Brief descriptive captions
-.-.-

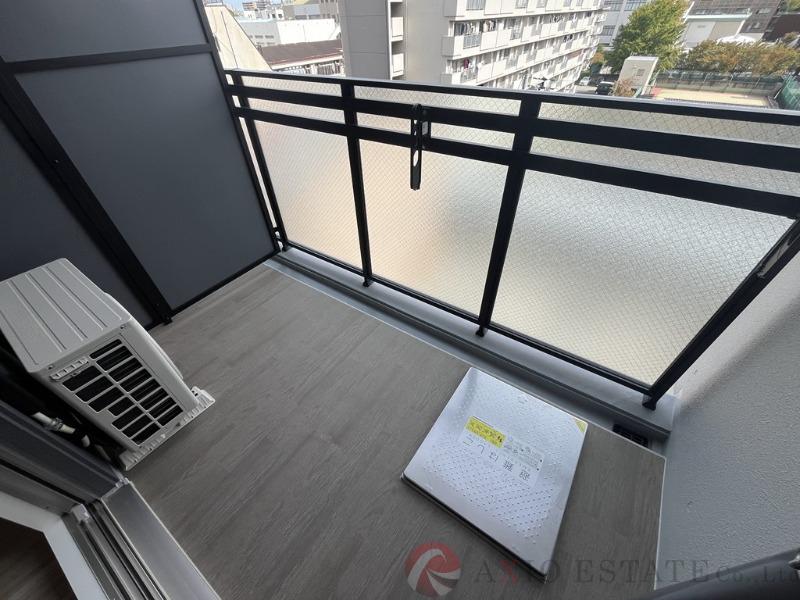 23/30 バルコニー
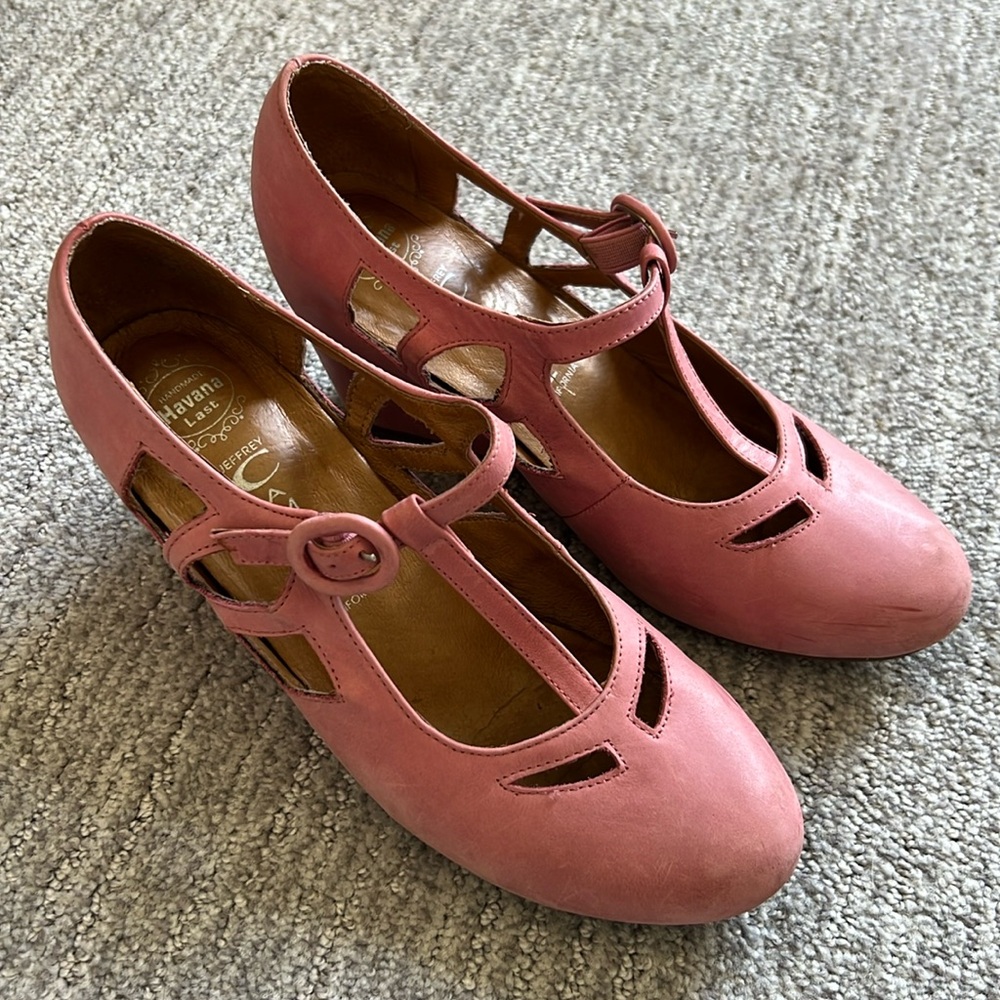 🥳 last chance  Size 7 pink leather wedge shoes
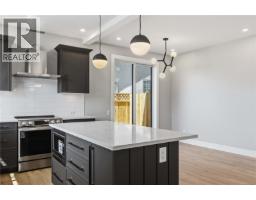 Kitchen - 1 2312 Orchard Ave, Sidney, BC V8L1T6 Photo 10
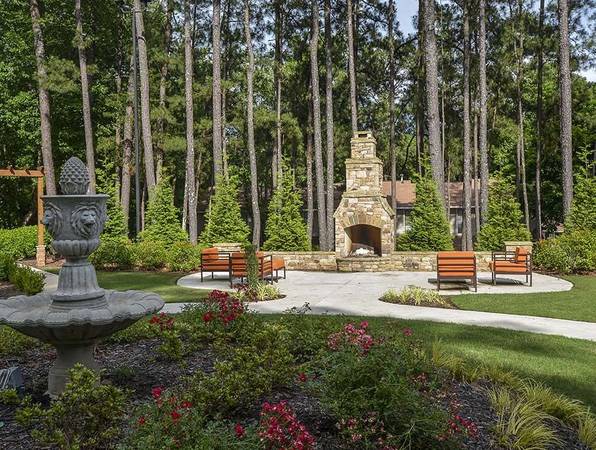 $1,089 / 2br - 1146ft2 - Best views in town! Enjoy life in your new 2 Bed, 2 Bath! 1146 Sq Ft (Stone Mountain - Stone Mountain)63963989994115122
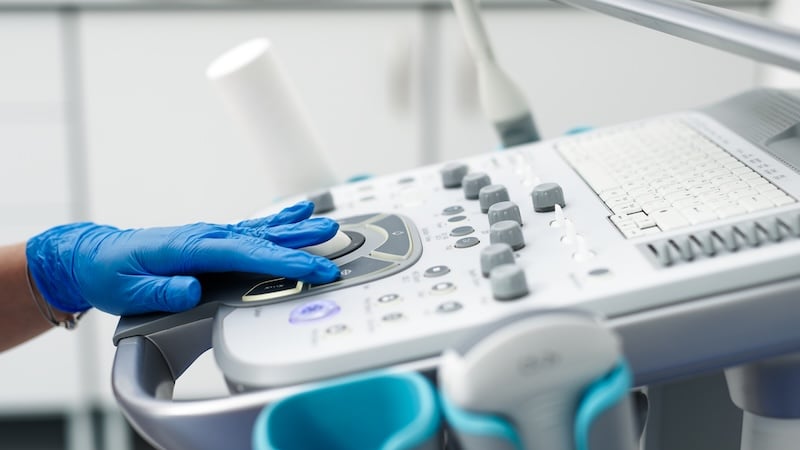 The KSC2 series delivers consistent tactile response across hundreds
of thousands of actuations, meeting the rigorous demands of medical
instrumentation and surgical devices.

-.-.-

* **Task prompt**
Your reply should be the full data above, copied exactly, with no pictures in it.

* **Solution to the exercise**
 23/30 バルコニー
 🥳 last chance  Size 7 pink leather wedge shoes
 Kitchen - 1 2312 Orchard Ave, Sidney, BC V8L1T6 Photo 10
 $1,089 / 2br - 1146ft2 - Best views in town! Enjoy life in your new 2 Bed, 2 Bath! 1146 Sq Ft (Stone Mountain - Stone Mountain)63963989994115122
 The KSC2 series delivers consistent tactile response across hundreds
of thousands of actuations, meeting the rigorous demands of medical
instrumentation and surgical devices.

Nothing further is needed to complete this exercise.